I think I basically complain when I see opinions that feel importantly wrong to me?
When I'm in very LessWrong-shaped spaces, that often looks like arguing in favor of "really shitty low-dignity approaches to getting the AIs to do our homework for us are >>1% to turn out okay, I think there's lots of mileage in getting slightly less incompetent at the current trajectory", and I don't really harp on the "would be nice if everyone just stopped" thing the same way I don't harp on the "2+2=4" thing, except to do virtue signaling to my interlocutor about not being an e/acc so I don't get dismissed as being in the Bad Tribe Outgroup.
When I'm in spaces with people who just think working on AI is cool, I'm arguing about the "holy shit this is an insane dangerous technology and you are not oriented to it with anything like a reasonable amount of caution" thing, and I don't really harp on the "some chance we make it out okay" bit except to signal that I'm not a 99.999% doomer so I don't get dismissed as being in the Bad Tribe Outgroup.
I think the asymmetry complaint is very reasonable for writing that is aimed at a broad audience, TBC, but when people are writing LessWrong posts I think it's basically fine to take the shared points of agreement for granted and spend most of your words on the points of divergence. (Though I do think it's good practice to signpost that agreement at least a little.)
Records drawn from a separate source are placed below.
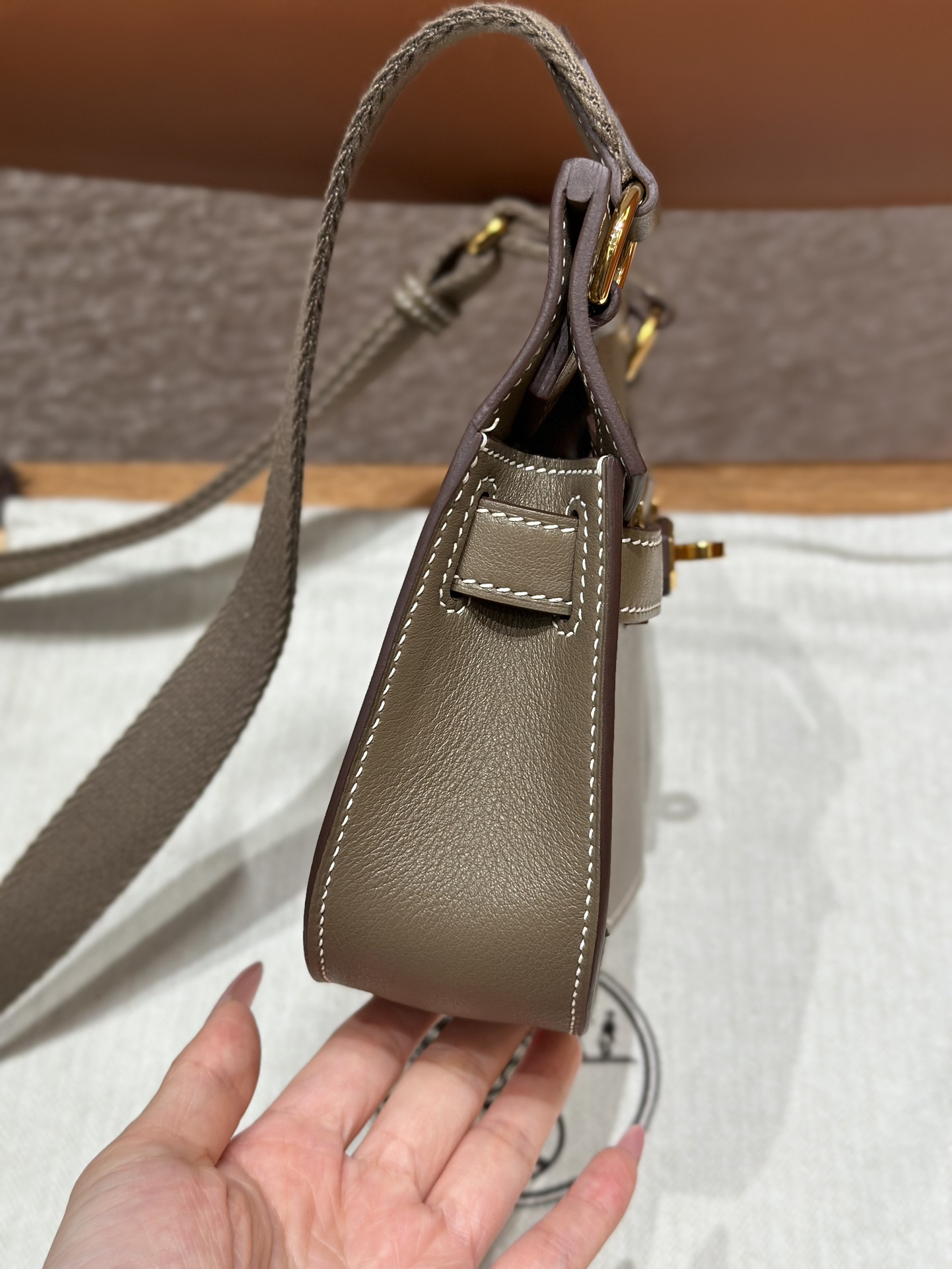 Hermes Jypsiere Mini 23cm Swift Leather Shoulder Bag - Elephant Grey 9 i1714916937 178 5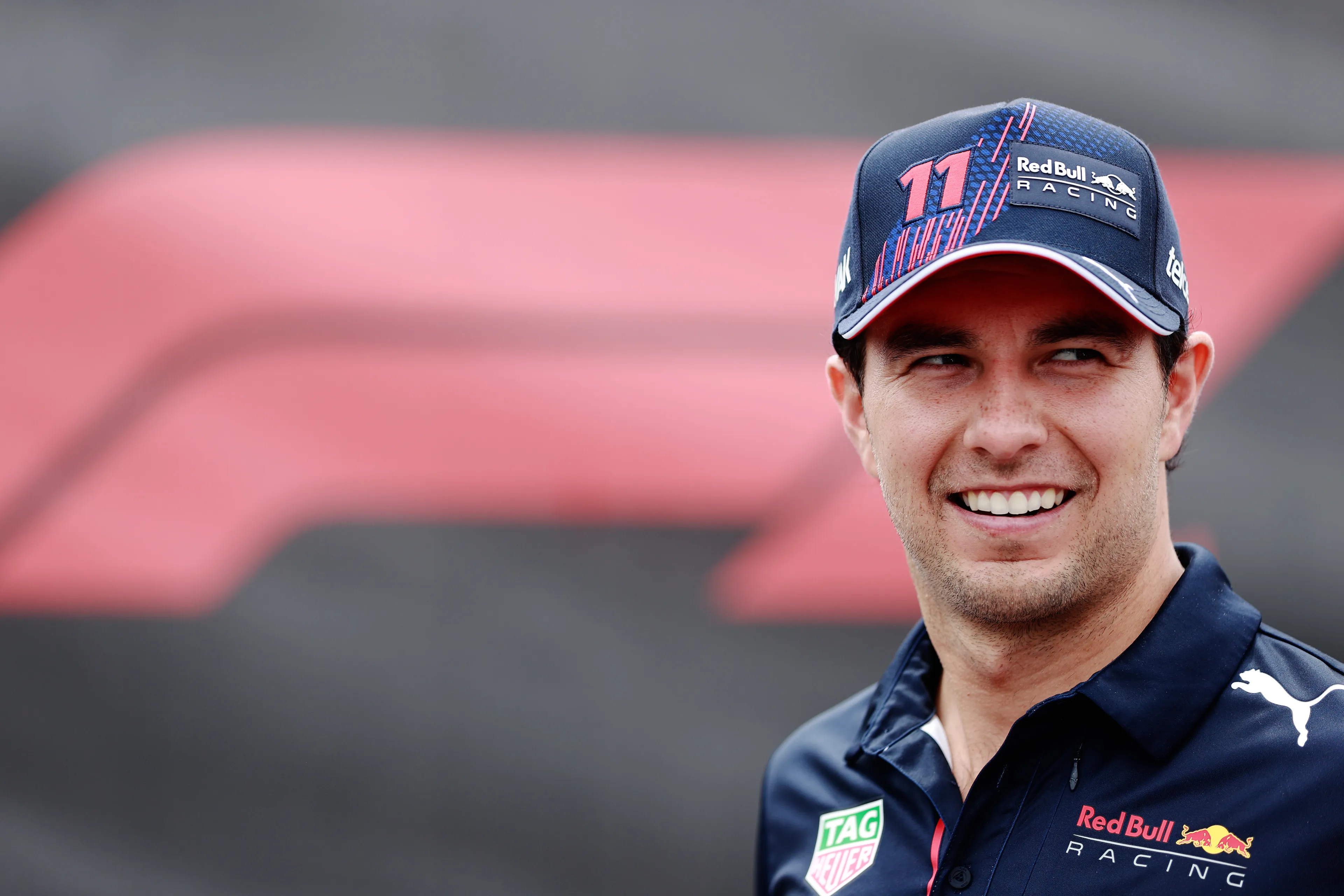 Update | Horner: 'Als de tijd rijp is, gaan we met Perez zitten'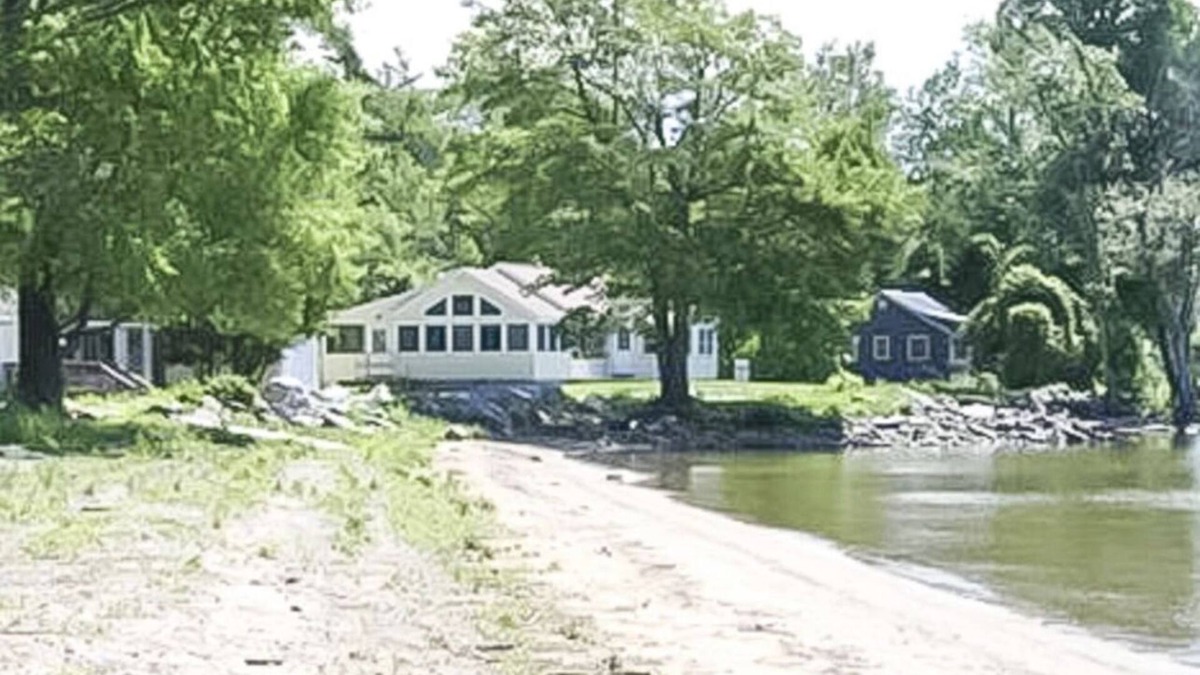 North Hero Cottage | Bright 3 Bedroom Lake Cottage with dock!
Things that tripped my detector (which was set off before reading kave's comment):
a global moratorium on all aspects of AI capability progress for the next few decades would be a substantial improvement over the status quo
Saw some shrug reacts on this so wanted to elaborate a bit - I'm not super confident about this (maybe like 70% now rising to 80% the later we implement the pause), and become a lot more pessimistic about it if the moratorium does not cover things like hardware improvements, research into better algorithms, etc. I'm also sort of pricing in that there's sufficient political will to make this happen; the backlash from a decree like this if in fact most ordinary voters really hated it seems likely to be bad in various ways. As such I don't really try and do advocacy for such changes in 2025, though I'm very into preparing for such a push later on if we get warning shots or much more public will to put on the brakes. Happy to hear more on people's cruxes for those who think this is of unclear or negative sign.
FWIW, my enthusiasm for "make America more good at AI than China" type policies comes somewhat more from considerations like "a larger US advantage lets the US spend more of a lead on safety without needing international cooperation" than considerations like "a CCP-led corrigible ASI would lead to much worse outcomes than a USG-led corrigible ASI". Though both are substantial factors for me and I'm fairly uncertain; I would not be surprised if my ordering here switched in 6 months.